— Given data —
-------

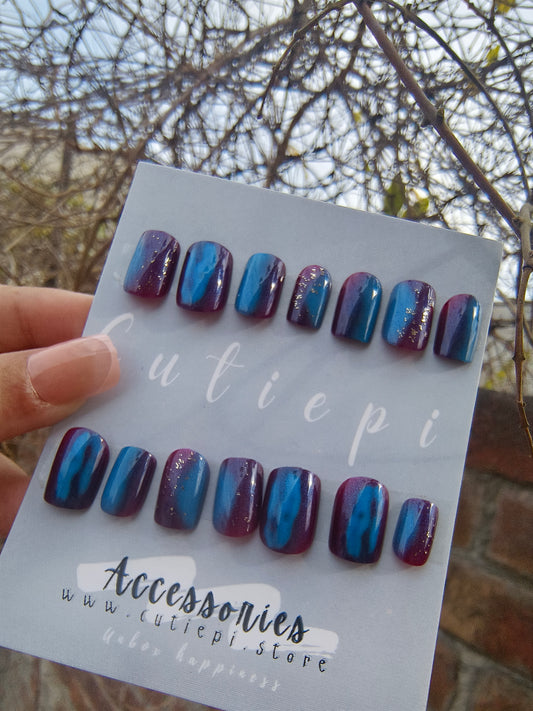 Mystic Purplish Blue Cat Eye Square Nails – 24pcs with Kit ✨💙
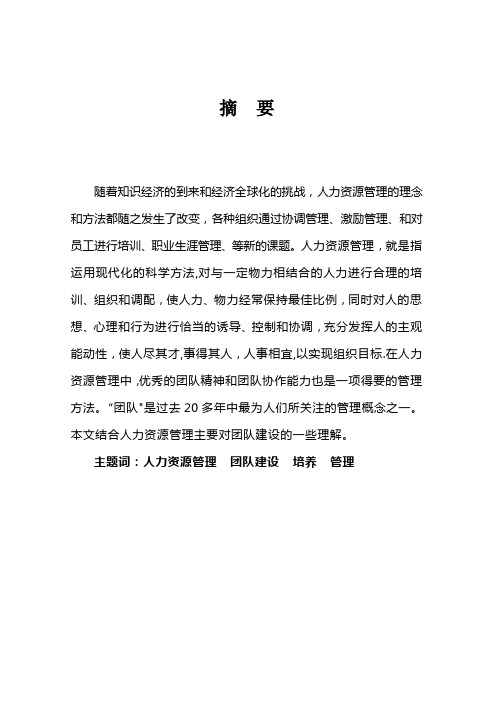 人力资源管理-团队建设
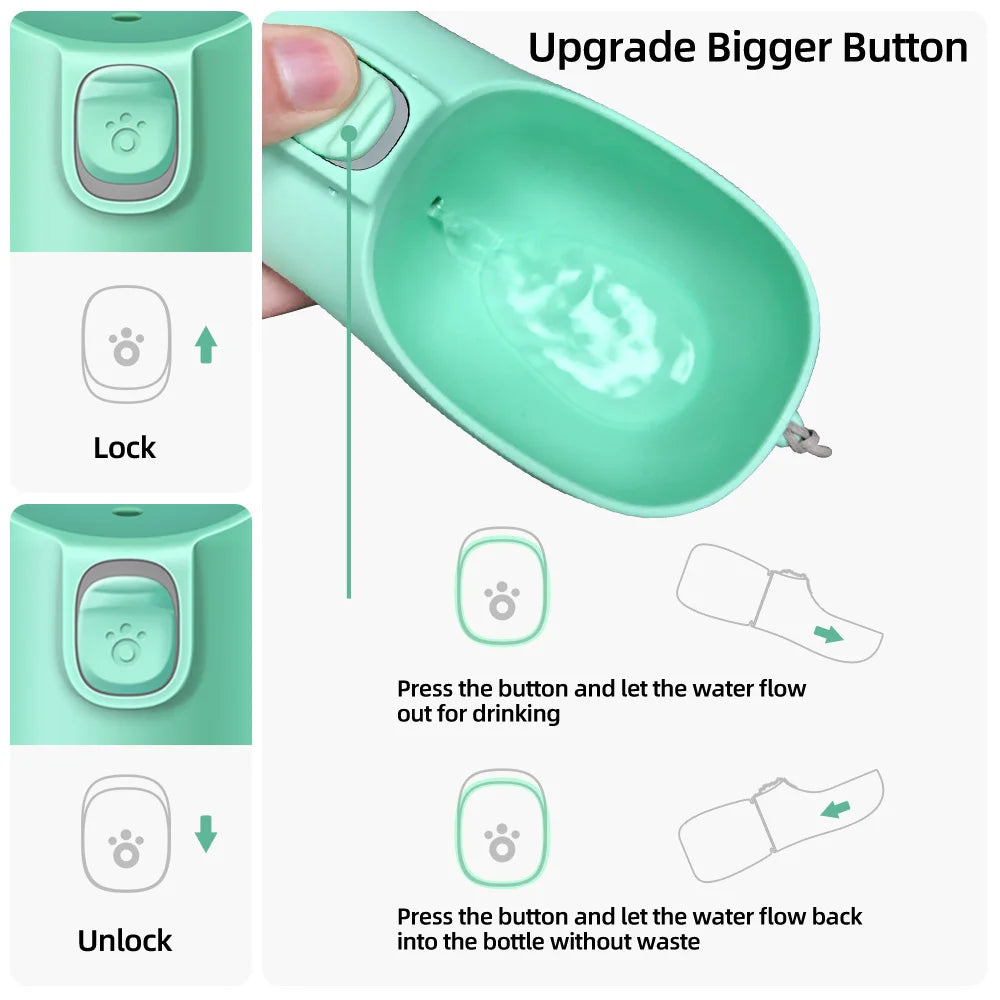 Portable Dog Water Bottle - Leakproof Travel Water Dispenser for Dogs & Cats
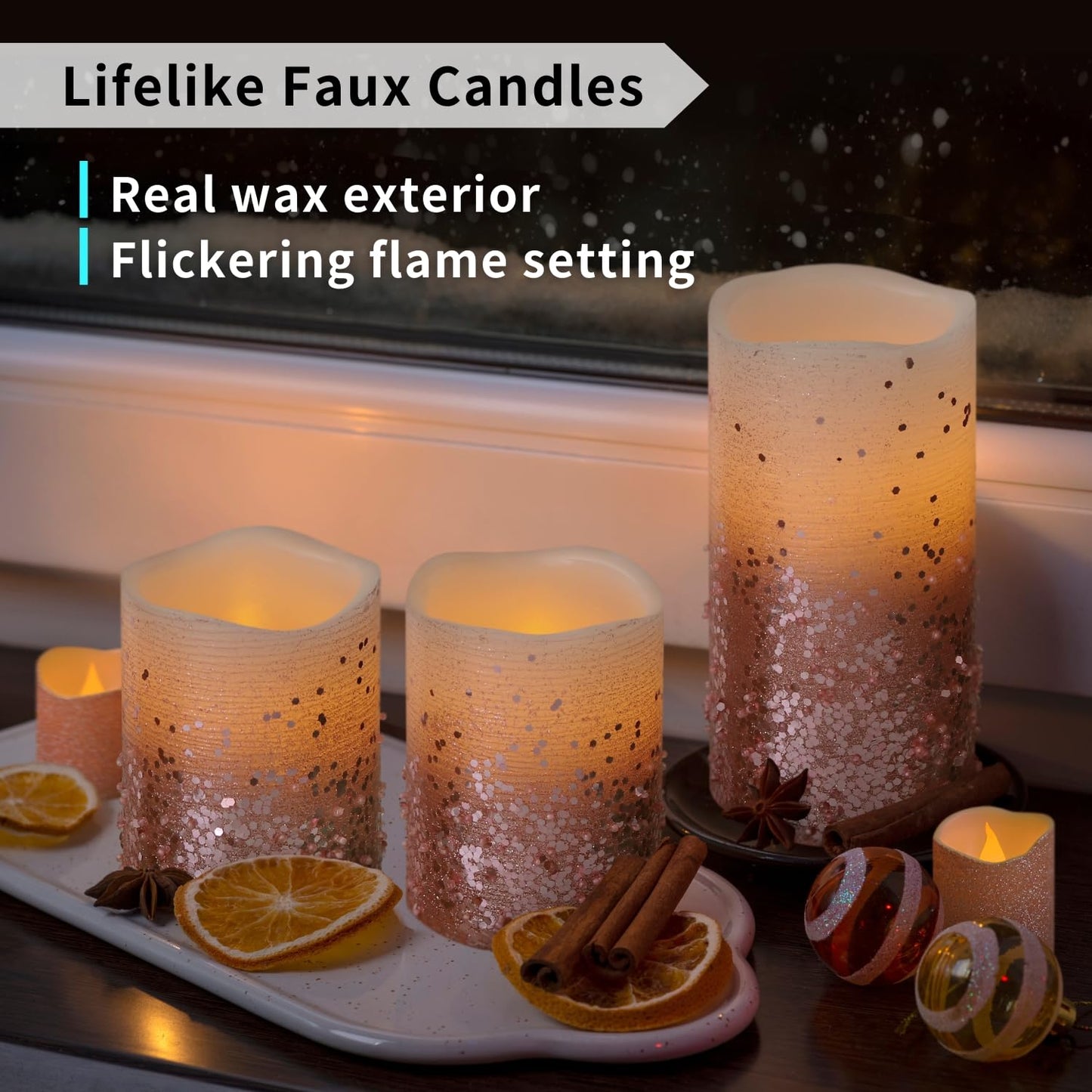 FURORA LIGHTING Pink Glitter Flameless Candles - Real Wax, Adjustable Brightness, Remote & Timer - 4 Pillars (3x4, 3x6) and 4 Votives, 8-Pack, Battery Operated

-------

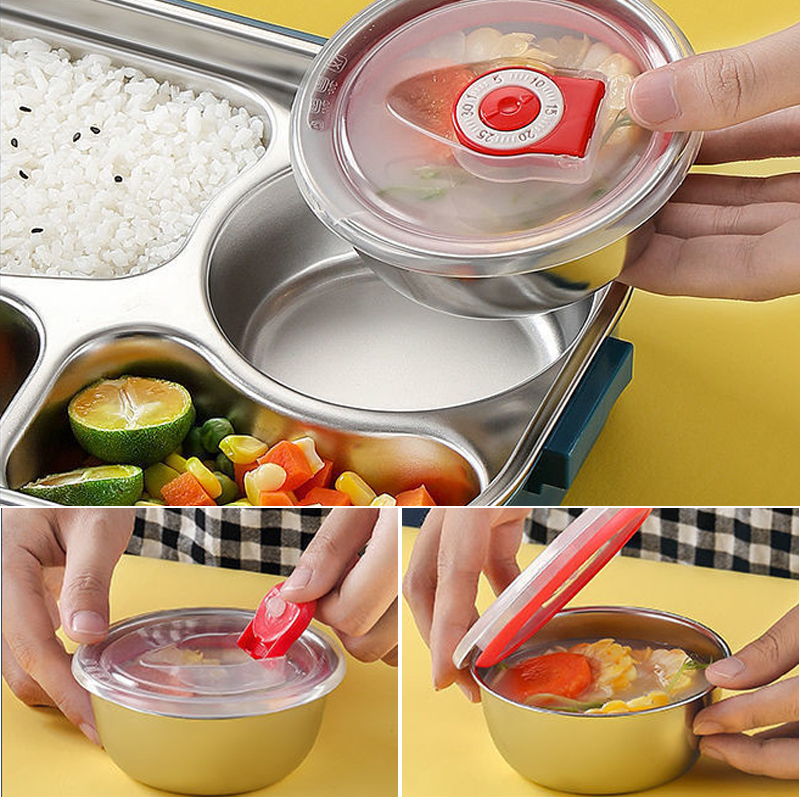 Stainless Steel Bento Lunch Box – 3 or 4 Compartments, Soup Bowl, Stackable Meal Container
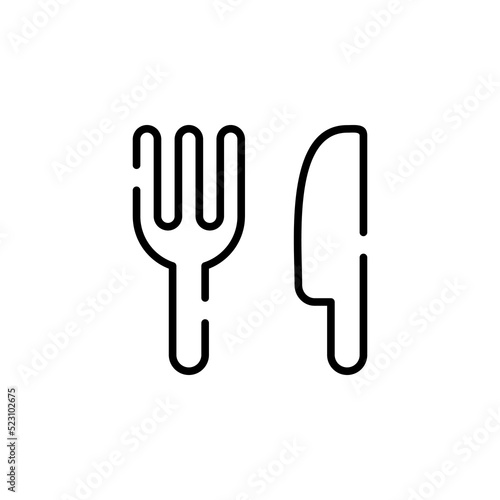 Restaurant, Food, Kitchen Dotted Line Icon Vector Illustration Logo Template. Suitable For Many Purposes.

-------

— What the exercise asks —
In the listing above, find the line with "人力资源管理-团队建设" and output it and every line after it up to and including the line with "FURORA LIGHTING Pink", exactly, minus the pictures.

— Response box —
 人力资源管理-团队建设
 Portable Dog Water Bottle - Leakproof Travel Water Dispenser for Dogs & Cats
 FURORA LIGHTING Pink Glitter Flameless Candles - Real Wax, Adjustable Brightness, Remote & Timer - 4 Pillars (3x4, 3x6) and 4 Votives, 8-Pack, Battery Operated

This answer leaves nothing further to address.